No interior, encontramos a maior parte das primeiras edições do autor, manuscritos e diários, a famosa carta ao seu pai autoritário (nota: considerar lê-la ao Pedro, quando se queixar da tirania dos pais). Há também desenhos, instalações 3D e uma banda sonora especialmente pensada para este espaço sombrio e tétrico. O som dos corvos foi introduzido, penso, porque Kafka em checo significa corvo, que era também o símbolo da empresa da família.

Na verdade, há vestígios dele um pouco por toda a cidade, porque nasceu em Josefov, estudou perto da Praça da Cidade Velha, morou em Malá Strana, na viela dourada do castelo (onde escreveu precisamente O Castelo) e outros lugares. A sua escrita reflecte todo o seu percurso.
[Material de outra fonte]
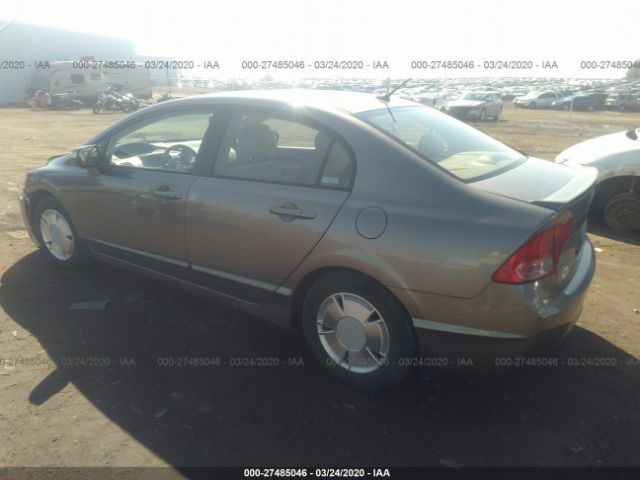 JHMFA36226S008291 - 2006 HONDA CIVIC HYBRID Gold photo 3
O Processo é, como sabem, inspirado no julgamento de um jovem checo, de origem judaica, acusado da morte de uma criança católica, embora alguns teóricos malucos vejam ali alegorias sobre o pecado original.

Sinagoga de Praga, do bairro onde Kafka morou
O Bairro Judaico (Josefov) é uma das zonas mais nobres da cidade.
interior do museu Kafka
O sombrio interior do Museu Kafka assustou o pequeno explorador.

Outros filhos ilustres

Mas nem só de Kafka vive Praga. A Rua Nerudova, por exemplo, honra o jornalista, intelectual e escritor Neruda. Não, não é o chileno. Pensam que este checo se inspirou no famoso Pablo Neruda? Foi o contrário.

O nobilíssimo criador do carteiro nasceu Neftalí Ricardo Reyes Basoalto e criou o pseudónimo artístico na adolescência, inspirado no checo Jan Neruda (1834-1891), um dos membros mais destacados do realismo checo e da “escola de Maio”, autor dos Contos do Pequeno Bairro.

Outro grande artista checo, que viveu em Praga e aqui deixou a sua marca foi Alphonse Mucha, o expoente máximo da Art Noveau.

Falar de Praga é falar também de S. Venceslau, rei e santo padroeiro cujo túmulo repousa na Catedral de S. Vito. Sobre este monarca canonizado importa referir a estátua equestre na Praça de S. Venceslau, em frente ao Museu Nacional que, pela sua imponência, muitos julgam que é o Parlamento.

estátua de Jan Neruda
A estátua de Jan Neruda emoldurada pelo arvoredo da Colina de Petrin.

A estátua é ponto de encontro de centenas de praguenses e, diz a tradição, uma relação terá um futuro feliz se começar junto à cauda do cavalo. Portanto, se um rapaz convidar uma rapariga para se encontrar com ele aqui, está a fazer uma declaração tão eloquente quanto silenciosa!

Mas este post não ficaria completo se não referisse uma personagem mais contemporânea, que não é de Praga mas de todo o país. Trata-se da simpática e omnipresente toupeira criada pelo cartoonista Zdenek Miler, em 1956. As histórias desta Krtek ou Krteček foram traduzidas para mais de 20 línguas e transformaram-se nos desenhos animados checos mais populares de todos os tempos.

Escusado será dizer que o Pedro adorou o bicho. Para o pequeno explorador, esta é a mais ilustre de todas as personagens checas.

a famosa toupeira checa

P.S. – Podem incluir neste roteiro o New Jewish Cemetery (Nový židovský hřbitov) onde Kafka está sepultado, ainda que fique um pouco fora de mão. Eu nem o velho cemitério judaico consegui visitar, desencorajada pela fila para comprar bilhetes debaixo de chuva.